Matson’s Weis: “There’s not a talk I can give where I’m nervous anymore.” Photo: Peter Weis on Twitter

Not all CIOs are candidates for the spotlight, nor does every organization want to promote its technology prowess. Experian’s Libenson thinks CIOs who don’t seek the spotlight are missing an opportunity. “It’s incredible how many tech people don’t understand how important their voice can be to the company,” he said.

Not so at Experian. “The most exciting thing is when clients come back to us and say they saw something in the press and they want to talk,” said Michael Troncale, an Experian publicist who specializes in technology. “It benefits the company hugely from the standpoint of being perceived as a technology leader.”

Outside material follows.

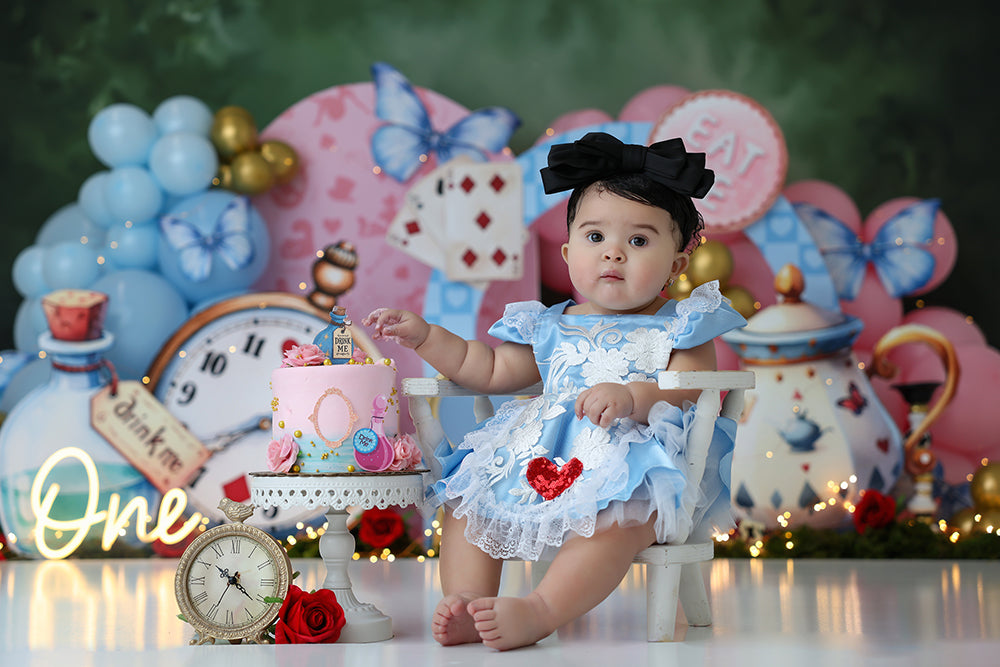 Wonderland Tea Party backdrop with balloons, butterflies, teapot and clock decorations.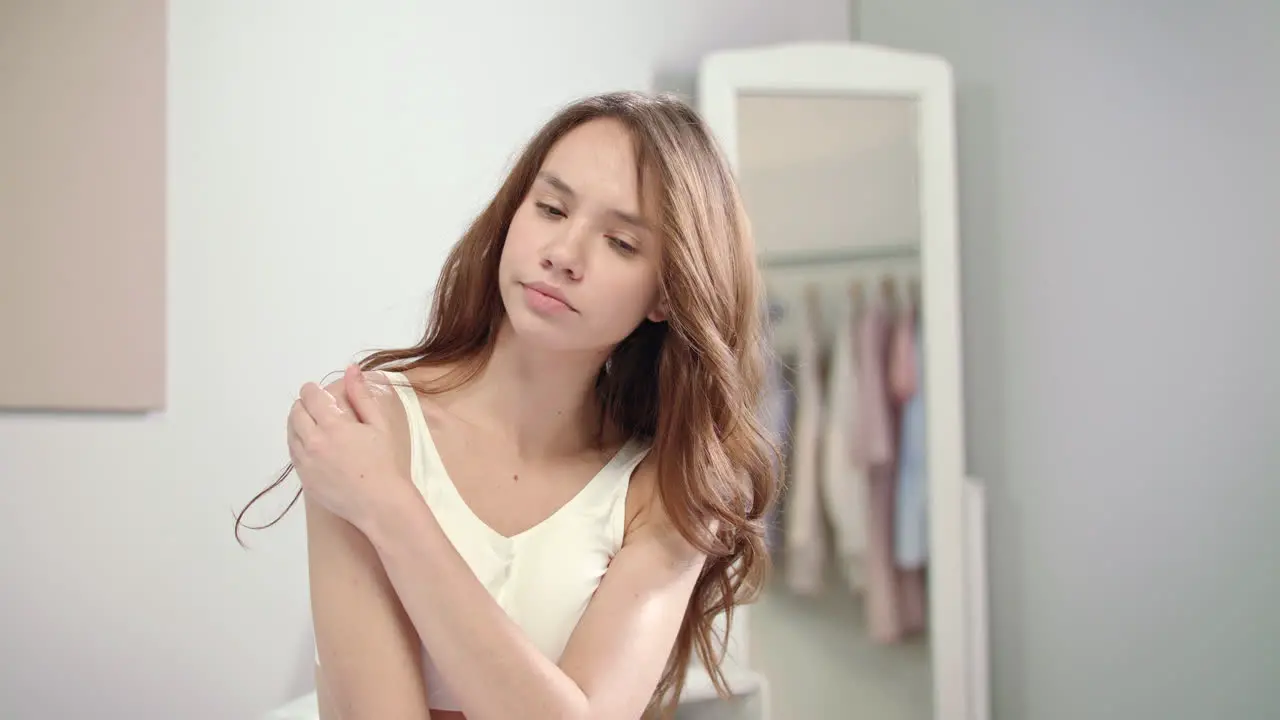 Beautiful girl applying medical lotion on illness shoulder Woman body care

In addition to recognition and recruitment benefits, CIOs can also use their pulpits to curry favor with preferred vendors, such as preferred service and discounts. “There are a lot of tangential benefits,” Libenson said.

Spread the wealth

Gracy encourages everyone in his organization to pursue public speaking opportunities as a way of highlighting the organization’s expertise and attracting talent. “Ultimately, when people choose to work for a company, they ask who they’re going to work with,” he said. “We create magnets for talent.”

For executives who fear they’re too introverted to face a crowd, he advises following the approach taken by comedians when testing out new material. “Go to a safe spot, an out-of-the-way conference where you can practice your craft,” he said. “Seek radical feedback on how you did and what you could do better.”

As an introvert, Weis admitted, speaking was initially difficult for him, but choosing the right venues and practicing in front of progressively larger helped him overcome his reservations.  “There’s not a talk I can give where I’m nervous anymore,” he said. “I’ve developed a whole new set of muscles.”

After 22 years as a CIO, Weis is now in the process of transitioning to what he calls “post-corporate” life. Contacts he built on the speaking circuit helped him to land a position as a lecturer at the University of California at Berkeley, his alma mater. “It’s changed my career and, by extension, my life in ways I couldn’t have anticipated,” he said.